Back in 1992-ish, there were still a few phone systems on Earth that used
tones. They were in weird rural places, third world locales, etc. People would
set up hacked relays and PBX systems, and there were instructions passed
around every now and then about how you could call one of these, then call
another number, and get routed through one of these ancient telephone
networks.

I did it, and using a program called Blue Beep managed to hear the "kerchunk"
and silence that followed a successful 2600hz injection into an open phone
line:

[http://en.wikipedia.org/wiki/BlueBEEP](http://en.wikipedia.org/wiki/BlueBEEP)

From there I tried to do a few things, but it didn't seem to work very well...
just ended up getting a weird fast busy signal and getting disconnected.

I remember hanging on this article's every word:

[http://www.lospadres.info/thorg/lbb.html](http://www.lospadres.info/thorg/lbb.html)

I also did the call myself around the world trick in 1993-1994, but using
hacked PBXes. Not legal, but fun... but I was fifteen or so, so the fact that
it was illegal made it cooler.

I've got a project out there now that runs on a geo-distributed architecture,
which means I've got several cloud nodes scattered on four different
continents. A while back I ssh'd to myself around the world... San Francisco
-> Singapore -> Amsterdam -> New York -> back to my laptop. Did it after
seeing a story about this stuff, for old time's sake. :)

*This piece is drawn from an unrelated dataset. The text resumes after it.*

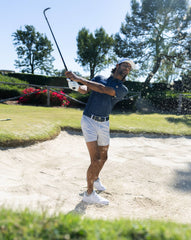 TravisMathew | Wanderlust Short 9In - Micro Chip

I really miss the old hacker culture, which overlapped both senses of the
term.

I feel like today's hacker culture is really two major kinds of people. You've
got people trying to hustle startups, which is similar in some ways but isn't
the same. Outside of that you've got this snarky troll-infested "hacker"
culture full of mean-spirited people who... well... let me put it this way...
are not as smart as they think they are. Their idea of a hack is to "raid"
some social media site or deface a web site or whatever... it has nothing to
do with exploration or invention. The derogatory term "neckbeard" is often
used to invoke the popular stereotype. A person like Joybubbles would just get
insulted and laughed at in this sphere, but when I was fourteen I was
fascinated by characters like him. I looked up to their curiosity, and saw the
way they used the early net to escape the confines of blindness and run around
the world on wires as incredibly romantic and... well... fucking cool.